[Your assignment]: Would you set down the data that follows, word for word, without any pictures?

[Dataset excerpt]:

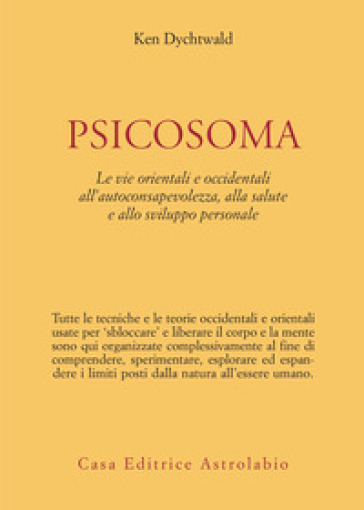 Psicosoma. Le vie orientali e occidentali all'autoconsapevolezza, alla salute e allo sviluppo personale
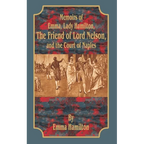 Memoirs of Emma, Lady Hamilton: The Friend of Lord Nelson, and the Court of Naples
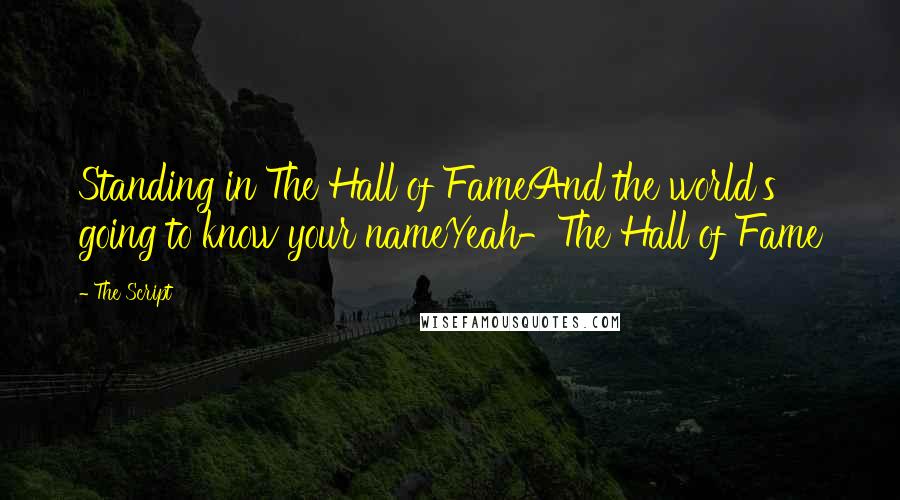 The Script Quotes: Standing in The Hall of FameAnd the world's going to know your nameYeah-The Hall of Fame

[Answer to the exercise]:
 Psicosoma. Le vie orientali e occidentali all'autoconsapevolezza, alla salute e allo sviluppo personale
 Memoirs of Emma, Lady Hamilton: The Friend of Lord Nelson, and the Court of Naples
 The Script Quotes: Standing in The Hall of FameAnd the world's going to know your nameYeah-The Hall of Fame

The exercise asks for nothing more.